What follows is a personal statement written in the Fall of 2010 as part of my application for specialty training in Hospice and Palliative Medicine. I share it here because it continues to name my values and beliefs.
Personal Statement: Minke WinklerPrins, M. D. Fall, 2010
It seems I’ve always been drawn to medicine. As a child I played in the waiting room of my father’s small medical office in the remote fishing village of Hermitage, Newfoundland. As an adolescent, I worked in his Internal Medicine practice, putting patients in rooms, taking histories, assisting with procedures, and doing lab work, EKG’s and chest x-rays. Because of the experiences in my father’s practice, I felt ready to commit to a medical track right out of high school and was accepted into the integrated six-year premedical/medical program then offered at the University of Michigan. Primary care proved a natural choice from the earliest days, and even in medical school and residency, I found myself drawn to the bedside of the dying. Then, once in medical practice, my more satisfying experiences often involved those ‘meaning of life’ conversations that inevitably show up with the dying. I found there a grounded authenticity in the presence and communications with the dying which occurred almost nowhere else.
And now? I am distressed with how terribly broken our health care delivery system is, especially at end of life. There are so many ways to provide care badly, and there are so many, many reasons (social, emotional, spiritual, economic) to strive to do it well. That our society is death denying also makes us woefully unprepared for this inevitable stage of our lives. Bringing death back into the social conversation has great potential to heal not only those individuals directly involved, but also to help heal and transform our society toward a greater maturity. At the core, my concerns and values involve issues of non-violence and social justice. Technologically focused medical care can be impersonal, alienating, physically damaging, unsustainably expensive, and resultant in a soul-denying violence. The patient-centered philosophy of HPM, “matching medical care with patient goals,” is a happy redirection of medical care which meshes well with my personal values. I believe that access to basic medical care is a human right and social justice issue, and I find the roots of the hospice movement philosophically aligned with this understanding.
My life’s spiritual path initially took me from my Calvinistic/Presbyterian roots to a complete rejection of all things religious, apparently in reaction to the perceived illogic and anti-intellectual nature of religious dogma, as well as to the deep hypocrisy and injustices carried out in its name. However, parenthood, life, grief, and loss eventually brought me to a different kind of relationship with life’s mysteries and, ultimately, to a deeper understanding of faith, grace, surrender, and a place where the divine shows up almost everywhere. All of life is sacred; the beginnings and endings especially so. We live in a largely secular society, which often allows little space for ritual, depth, spirit, and soul. Over the past few years, I have participated in the Sacred Art of Living education and have come to recognize that being with the dying is entering into sacred space. Everyone’s story is different, and honoring an individual’s unique circumstance at life’s closure is at the core of HPM philosophy. HPM fellowship training should prepare me to better integrate the medical needs with the social/emotional/spiritual concerns of the dying.

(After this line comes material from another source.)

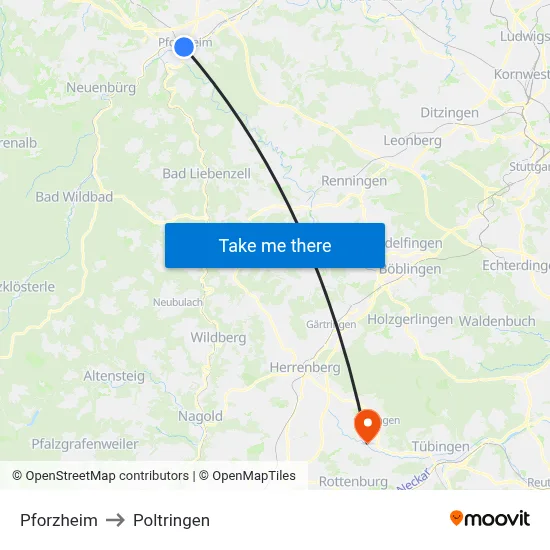 Pforzheim to Poltringen map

At this next stage of my life, I recognize a need to be of service. I live with an awareness of the injustice and suffering in the world and am drawn to help. I have been fortunate, have now raised my sons, enjoy excellent health, and am ready to take on this new role.
I believe that my medical, social, faith, and educational roots in our community could provide a unique advantage in helping facilitate future growth and integration of HPM services on the central coast.
Fellowship training and board certification in Hospice and Palliative Medicine should not only prepare me for this work, but also provide a grounding, legitimacy, and testament to the need for such expertise in modern medical care.